Here are a few simple ideas to get you thinking:

  • Create a "just for fun" Slack channel where there’s no work allowed—just amusing conversation.
  • Encourage regular sharing of hobbies and other interests at check-ins or team meetings in order to help your employees see their remote-working teammates as fellow human beings.
  • Be creative with one-off Zoom team-building activities.

If budget allows, consider holding more extensive team-building activities where you fly in your remote workers to meet in person or send your entire distributed team or company to a third-party location.

7. Provide Extra Attention, Mentorship, and Guidance Where Needed

Finally, just because you don’t see an employee every day doesn’t mean they don’t deserve (and even crave) the same attention, mentorship, and guidance from the HR team, their managers, or other leaders in your company.

Ensure you take time for important virtual one-on-one meetings with each remote employee.

Consider sending private DMs to remote employees to offer tailored coaching, support, and affirmation.

Treating a remote worker just like you would an in-office employee will build trust, job satisfaction, and a better company culture overall.

Getting This Right

Remote work isn’t going anywhere.

So it’s up to you and your company leadership to get your remote company culture right.

Just like building any kind of culture, it won’t be perfect from day one.
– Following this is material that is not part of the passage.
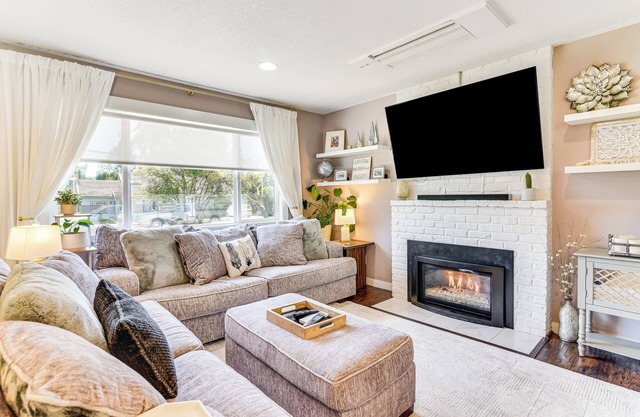 7 Mi to Vancouver Waterfront: Sleek Home w/Yard!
In fact, it will probably never be perfect. But the benefits of a solid remote work culture are well worth the effort.

Happy remote workers are more productive, they save your company money, and they stick with the company longer, as well as a slew of other benefits. In fact, we firmly believe that most tech companies – and their employees – would be better off if they transitioned to 100% remote and embraced the power of a distributed workforce to deliver non-stop momentum. But that’s a topic for another day.

If you haven’t taken the time to focus on building or maintaining company culture in your remote workplace and you're planning for the future of your company’s remote team culture, now’s the time.